How can I save a data with type Array[String] to Es with painless script

huolongguo007 · May 24, 2019, 8:03am

In my project, i tried to save the data from spark-stream to ES, to be exact, it is to update a struct table. I don't known is there any better way to update data in ES? Well, I used the painless script to update, like this:

def fooUpdate(dfNewData: DataFrame): Unit = {
  val upParams = "ports:port_list, type:asset_type, reqCnt:request_connect_count, 
  rsvCnt:receive_connect_count, timestamp:discover_time"

  val upScript = "int flag = 0;if((null != params.ports) && (0 !=  params.ports.length))......"
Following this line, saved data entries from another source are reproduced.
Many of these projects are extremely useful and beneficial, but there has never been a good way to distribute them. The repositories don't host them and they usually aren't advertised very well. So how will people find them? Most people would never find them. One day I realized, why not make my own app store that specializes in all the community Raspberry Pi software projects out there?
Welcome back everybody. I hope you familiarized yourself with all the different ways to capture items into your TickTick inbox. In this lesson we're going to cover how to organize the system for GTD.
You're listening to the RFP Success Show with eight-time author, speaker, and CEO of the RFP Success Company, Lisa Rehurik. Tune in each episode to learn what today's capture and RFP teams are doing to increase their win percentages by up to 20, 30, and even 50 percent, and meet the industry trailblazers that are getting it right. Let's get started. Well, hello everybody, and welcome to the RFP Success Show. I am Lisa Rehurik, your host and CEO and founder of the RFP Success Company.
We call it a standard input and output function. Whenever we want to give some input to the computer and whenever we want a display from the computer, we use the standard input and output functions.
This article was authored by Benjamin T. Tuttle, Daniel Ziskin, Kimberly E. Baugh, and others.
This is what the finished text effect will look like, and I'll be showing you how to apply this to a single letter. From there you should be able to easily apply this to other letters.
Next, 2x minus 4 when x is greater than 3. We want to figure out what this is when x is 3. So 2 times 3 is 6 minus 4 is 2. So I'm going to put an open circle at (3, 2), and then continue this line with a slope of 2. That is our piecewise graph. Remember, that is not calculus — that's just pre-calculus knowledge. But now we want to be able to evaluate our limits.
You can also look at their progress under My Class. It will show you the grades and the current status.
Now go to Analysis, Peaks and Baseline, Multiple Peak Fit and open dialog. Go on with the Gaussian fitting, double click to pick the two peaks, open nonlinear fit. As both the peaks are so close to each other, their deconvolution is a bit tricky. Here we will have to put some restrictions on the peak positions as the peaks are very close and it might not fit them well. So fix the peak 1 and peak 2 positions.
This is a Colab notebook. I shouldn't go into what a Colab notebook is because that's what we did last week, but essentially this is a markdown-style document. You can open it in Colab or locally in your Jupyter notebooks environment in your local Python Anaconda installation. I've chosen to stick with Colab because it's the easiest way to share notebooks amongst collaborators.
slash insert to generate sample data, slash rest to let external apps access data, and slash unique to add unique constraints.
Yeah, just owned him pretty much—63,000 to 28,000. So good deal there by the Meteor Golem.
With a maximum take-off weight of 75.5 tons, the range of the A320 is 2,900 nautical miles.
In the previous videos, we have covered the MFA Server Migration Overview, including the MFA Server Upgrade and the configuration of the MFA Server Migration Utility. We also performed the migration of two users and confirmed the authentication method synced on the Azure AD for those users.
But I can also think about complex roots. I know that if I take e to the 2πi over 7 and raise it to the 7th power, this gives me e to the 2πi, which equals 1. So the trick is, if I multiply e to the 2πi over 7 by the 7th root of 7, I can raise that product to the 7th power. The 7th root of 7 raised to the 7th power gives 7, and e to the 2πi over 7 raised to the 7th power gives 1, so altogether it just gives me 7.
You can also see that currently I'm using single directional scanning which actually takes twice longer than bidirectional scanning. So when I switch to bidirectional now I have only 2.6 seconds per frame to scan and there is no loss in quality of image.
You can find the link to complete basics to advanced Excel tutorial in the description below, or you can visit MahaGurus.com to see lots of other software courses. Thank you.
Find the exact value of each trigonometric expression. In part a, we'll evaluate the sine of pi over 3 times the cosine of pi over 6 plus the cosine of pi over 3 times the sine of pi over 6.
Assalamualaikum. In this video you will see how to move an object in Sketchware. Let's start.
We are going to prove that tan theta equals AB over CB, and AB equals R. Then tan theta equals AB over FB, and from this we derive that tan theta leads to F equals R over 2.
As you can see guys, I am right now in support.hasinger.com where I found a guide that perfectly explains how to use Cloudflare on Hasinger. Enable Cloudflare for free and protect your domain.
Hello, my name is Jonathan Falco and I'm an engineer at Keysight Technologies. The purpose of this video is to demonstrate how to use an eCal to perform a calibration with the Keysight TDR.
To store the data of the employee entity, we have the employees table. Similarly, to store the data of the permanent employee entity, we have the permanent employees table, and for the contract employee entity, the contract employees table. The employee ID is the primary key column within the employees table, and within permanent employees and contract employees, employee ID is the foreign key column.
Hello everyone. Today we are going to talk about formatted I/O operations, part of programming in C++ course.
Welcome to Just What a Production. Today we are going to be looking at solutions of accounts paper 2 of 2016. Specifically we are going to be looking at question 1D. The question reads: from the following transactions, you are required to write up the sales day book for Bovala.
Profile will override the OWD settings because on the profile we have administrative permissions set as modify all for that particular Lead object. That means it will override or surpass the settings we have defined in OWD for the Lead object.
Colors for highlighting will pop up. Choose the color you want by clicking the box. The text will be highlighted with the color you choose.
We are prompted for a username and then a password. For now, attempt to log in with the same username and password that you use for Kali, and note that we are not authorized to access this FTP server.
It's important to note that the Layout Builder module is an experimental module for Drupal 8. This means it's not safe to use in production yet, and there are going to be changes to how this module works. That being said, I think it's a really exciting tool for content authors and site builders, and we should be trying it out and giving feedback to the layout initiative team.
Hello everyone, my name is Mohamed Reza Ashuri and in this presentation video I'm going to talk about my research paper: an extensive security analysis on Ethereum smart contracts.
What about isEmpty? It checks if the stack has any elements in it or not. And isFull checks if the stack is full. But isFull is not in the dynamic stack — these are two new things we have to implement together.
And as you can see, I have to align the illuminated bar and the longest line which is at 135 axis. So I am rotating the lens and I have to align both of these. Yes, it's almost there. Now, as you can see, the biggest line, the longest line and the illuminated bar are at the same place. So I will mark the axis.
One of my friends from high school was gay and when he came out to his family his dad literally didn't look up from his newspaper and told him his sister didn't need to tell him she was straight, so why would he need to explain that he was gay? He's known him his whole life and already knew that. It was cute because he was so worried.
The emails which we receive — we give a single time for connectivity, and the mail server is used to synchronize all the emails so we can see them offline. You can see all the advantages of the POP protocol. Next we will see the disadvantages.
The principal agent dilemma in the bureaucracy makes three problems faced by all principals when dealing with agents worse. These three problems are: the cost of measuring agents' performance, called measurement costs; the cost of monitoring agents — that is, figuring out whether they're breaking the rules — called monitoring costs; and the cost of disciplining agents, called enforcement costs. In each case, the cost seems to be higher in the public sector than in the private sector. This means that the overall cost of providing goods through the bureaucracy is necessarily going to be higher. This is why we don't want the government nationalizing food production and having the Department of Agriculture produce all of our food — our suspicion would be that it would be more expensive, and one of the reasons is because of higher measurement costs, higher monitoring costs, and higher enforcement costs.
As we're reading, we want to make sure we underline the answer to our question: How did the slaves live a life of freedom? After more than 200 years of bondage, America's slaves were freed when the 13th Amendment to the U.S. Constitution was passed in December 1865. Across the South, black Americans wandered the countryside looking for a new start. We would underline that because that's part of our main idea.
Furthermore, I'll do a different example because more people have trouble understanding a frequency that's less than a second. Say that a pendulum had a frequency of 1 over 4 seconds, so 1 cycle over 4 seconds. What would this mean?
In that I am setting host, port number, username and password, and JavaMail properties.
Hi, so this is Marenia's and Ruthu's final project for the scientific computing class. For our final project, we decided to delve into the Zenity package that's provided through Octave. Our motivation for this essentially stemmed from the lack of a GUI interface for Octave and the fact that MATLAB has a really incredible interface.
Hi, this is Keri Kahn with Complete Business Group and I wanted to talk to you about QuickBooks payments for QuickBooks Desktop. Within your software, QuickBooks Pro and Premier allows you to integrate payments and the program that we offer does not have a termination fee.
  val esWriteConf = Map("es.write.operation" -> "upsert",
  "es.mapping.id" -> "ip_addr",
  "es.update.script.lang" -> "painless",
  "es.update.script.params" -> upParams,
  "es.update.script.inline" -> upScript
  )
  dfNewData.saveToEs("spark/netAsset", esWriteConf)   //execute error from here
}

The table schema is:
root
|-- mac_addr: string (nullable = false)
|-- ip_addr: string (nullable = false)
|-- port_list: array (nullable = false)
| |-- element: string (containsNull = true)
|-- asset_type: string (nullable = false)
|-- request_connect_count: long (nullable = false)
|-- receive_connect_count: long (nullable = false)
|-- discover_time: timestamp (nullable = false)
|-- ports_offline: array (nullable = false)
| |-- element: string (containsNull = true)
|-- ports_online_new: array (nullable = false)
| |-- element: string (containsNull = true)
|-- last_change_time: timestamp (nullable = false)

The main error message is:
org.elasticsearch.hadoop.serialization.EsHadoopSerializationException: java.lang.ClassCastException: scala.collection.mutable.WrappedArray$ofRef cannot be cast to scala.Tuple2

I tried many time to find the reason, the problem maybe caused by the data type of Array[String], As the code shows, if i deleted the params of "ports:port_list"，the code runs well. and if i change the data type of the column "port_list" to String, it also runs OK。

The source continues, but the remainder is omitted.